» DIRECTIONS
Before you reproduce the entries that follow, strip out any image they contain and keep the rest exact.

Stored records
=-=-=-=-=
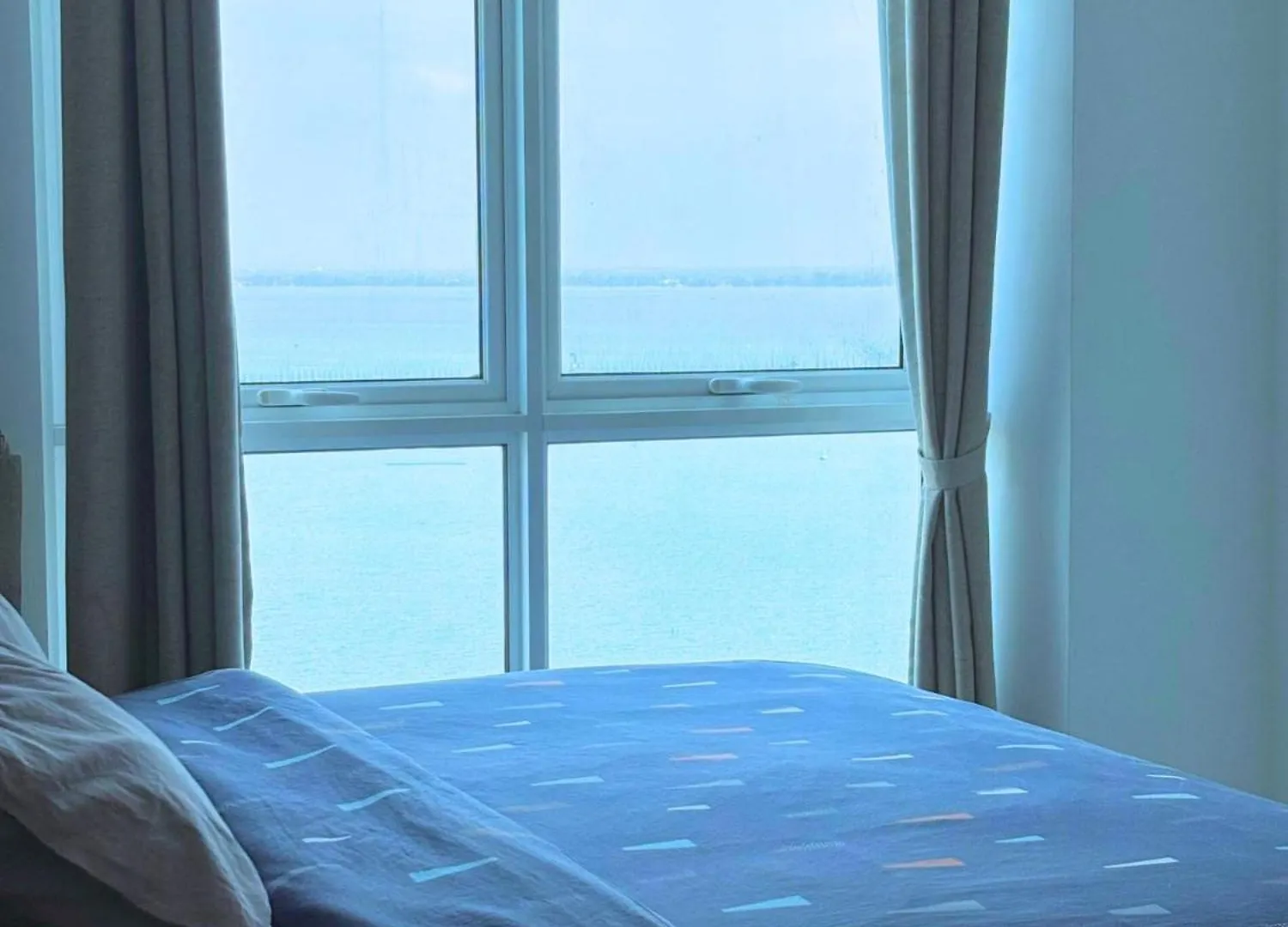 Gurney Drive Mansion One Serviced Apartment George Town Malaysia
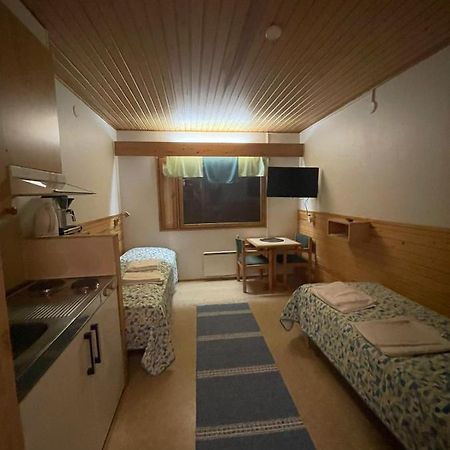 Apartmán Luppoloma Saariselka Exteriér fotografie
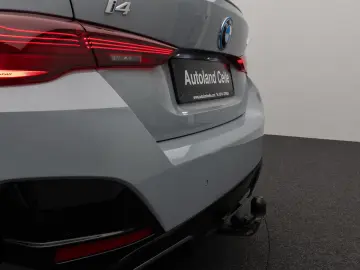 i4 M50 Gran Coupè 360 HUD H K AHK ACC Komfort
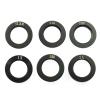 Microscope Kit 0.5X 0.75X 1X 1.5X 2X Auxiliary Barlow Industrial Microscope Camera Lens for 180X Microscope Camera Microscope Lens Adapters(0.5X) view 2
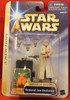 Star Wars Attack of the Clones AOTC SAGA 2004 #12 General Jan Dodonna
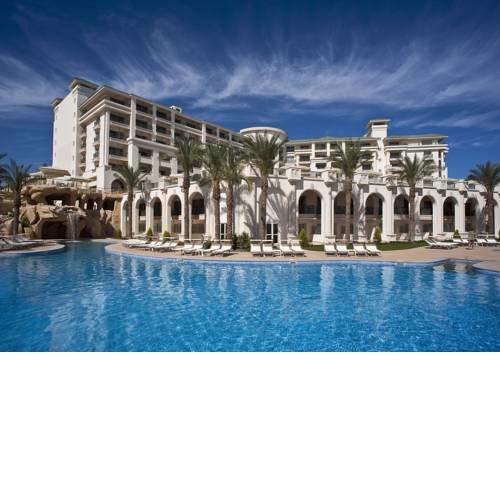 Stella Di Mare Beach Hotel & Spa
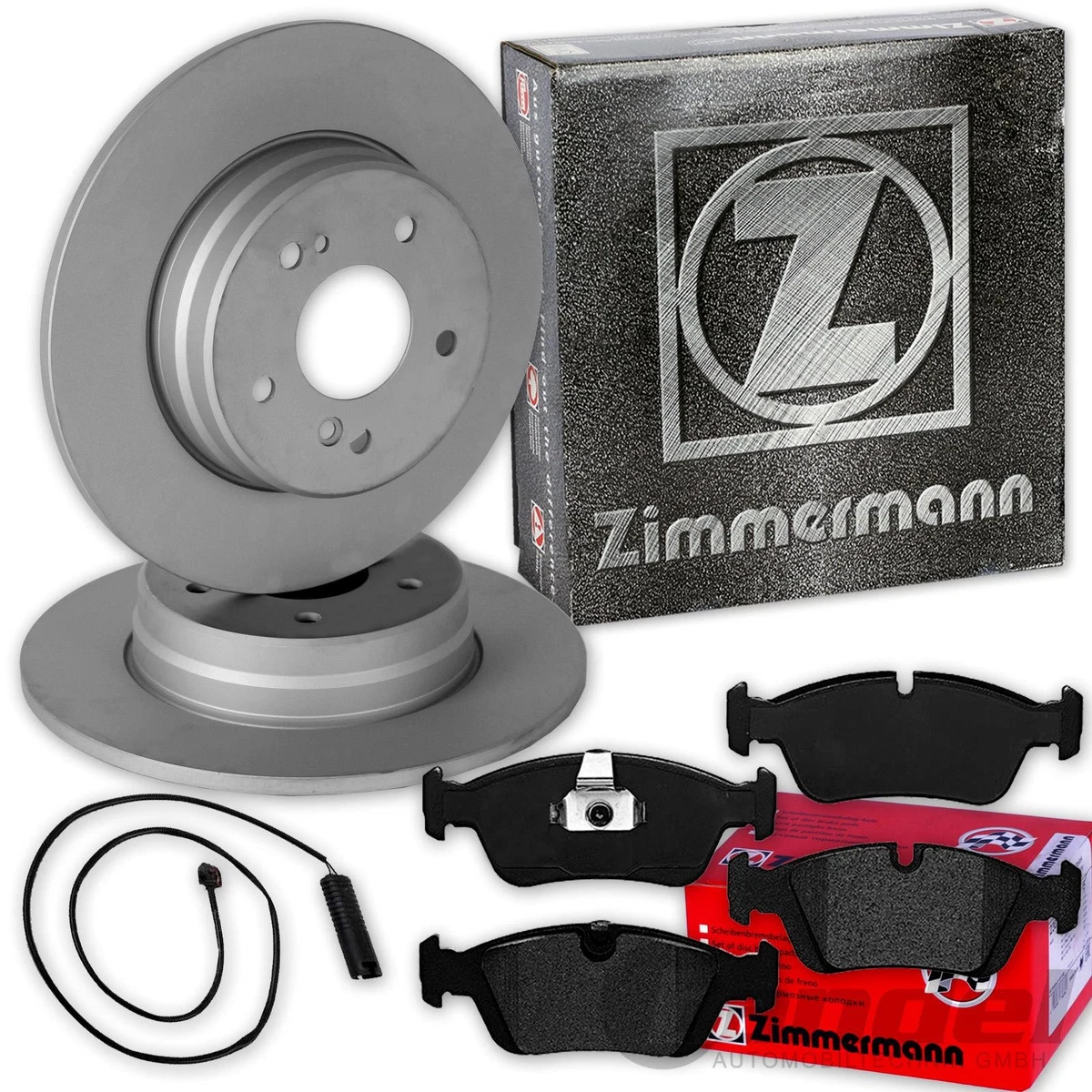 Безпечне гальмування: важливість якісних запчастин Zimmermann для Chevrolet Aveo/Kalos Безпечне гальмування: важливість якісних запчастин Zimmermann для Chevrolet Aveo/Kalos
=-=-=-=-=
» EXERCISE OUTPUT
 Gurney Drive Mansion One Serviced Apartment George Town Malaysia
 Apartmán Luppoloma Saariselka Exteriér fotografie
 i4 M50 Gran Coupè 360 HUD H K AHK ACC Komfort
 Microscope Kit 0.5X 0.75X 1X 1.5X 2X Auxiliary Barlow Industrial Microscope Camera Lens for 180X Microscope Camera Microscope Lens Adapters(0.5X) view 2
 Star Wars Attack of the Clones AOTC SAGA 2004 #12 General Jan Dodonna
 Stella Di Mare Beach Hotel & Spa
 Безпечне гальмування: важливість якісних запчастин Zimmermann для Chevrolet Aveo/Kalos Безпечне гальмування: важливість якісних запчастин Zimmermann для Chevrolet Aveo/Kalos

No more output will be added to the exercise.